Une junte en quête d’illusions, un État en déroute
En ordonnant la tenue du procès des massacres du 28 septembre 2009, la junte au pouvoir s’est parée du masque de la justice. Mais derrière cette façade soigneusement construite, se cache une réalité moins glorieuse : celle d’un régime avide de symboles pour camoufler ses propres dérives. Sous couvert de réconciliation nationale, cette initiative s’est révélée n’être qu’un jeu d’apparences, un théâtre tragique où les victimes jouent les figurants et où l’État esquive, une fois encore, ses responsabilités historiques.

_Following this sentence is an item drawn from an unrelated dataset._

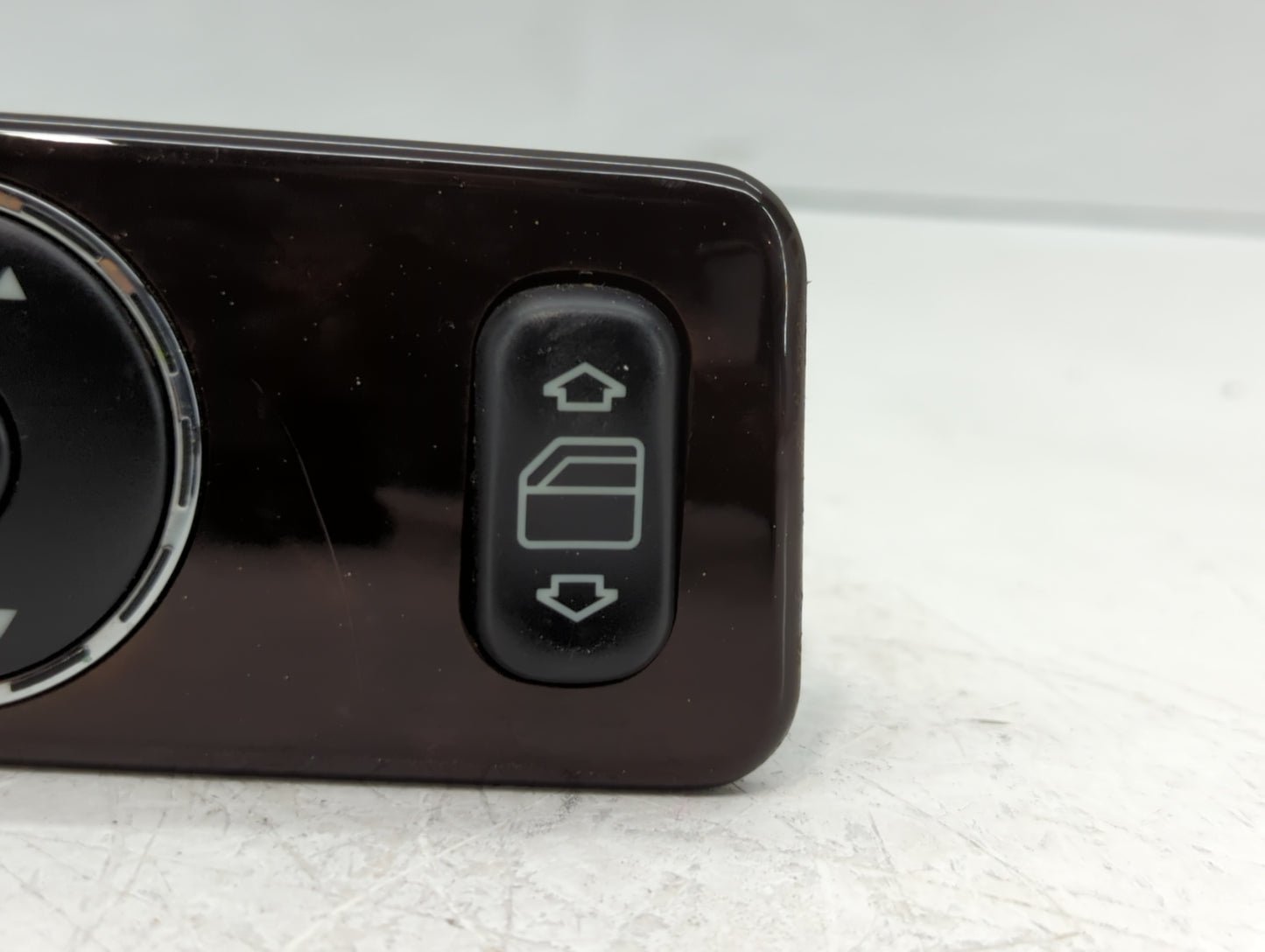 2003-2005 Mercedes-Benz Ml350 Climate Control Module Temperature AC/Heater Replacement P/N:A 163 820 04 26 Fits OEM Used Aut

Ce procès, censé marquer un tournant décisif, n’a été qu’un exercice d’évitement. Les condamnations, bien que spectaculaires, ne sont qu’un simulacre, car l’État, garant suprême des réparations, a choisi l’oubli pour seule réponse. Les victimes, premières concernées, restent les grandes absentes de cette justice spectacle. Leur souffrance, pourtant criante, est noyée dans le silence d’un pouvoir qui préfère détourner les regards plutôt que d’assumer ses torts.
Les magistrats : d’arbitres à profiteurs
Pendant que les victimes comptent leurs plaies et leur douleur, ceux qui auraient dû incarner l’intégrité judiciaire se sont vautrés dans un luxe indécent. Ces magistrats, logés dans des hôtels fastueux pour un coût faramineux de 13 milliards de francs guinéens, ont trahi leur serment et la solennité de leur fonction. Comment justifier, dans un pays en quête de justice, que ceux qui disent la loi soient ceux qui festoient aux frais d’un État défaillant ?
Même après la fin des audiences, certains juges auraient continué de profiter des commodités offertes par ces hôtels, comme pour mieux illustrer leur mépris des valeurs qu’ils prétendent défendre. Pendant ce temps, les victimes, elles, restent à la porte de la justice, abandonnées à leur précarité. Ces juges, loin d’être les gardiens de l’équité, se sont transformés en artisans d’un système cynique, où les opprimés servent d’alibi à une élite insatiable.
Une justice aux allures de mirage
Le système judiciaire guinéen, tel qu’il se dévoile ici, n’est qu’un décor trompeur, une scène où se joue une pièce sans substance. Les verdicts, bien qu’enrobés de mots imposants, ne sont que des incantations vides, dépourvues de mécanismes concrets pour garantir leur exécution. À quoi bon promettre des milliards aux victimes si ces sommes, dans les faits, relèvent d’une chimère ?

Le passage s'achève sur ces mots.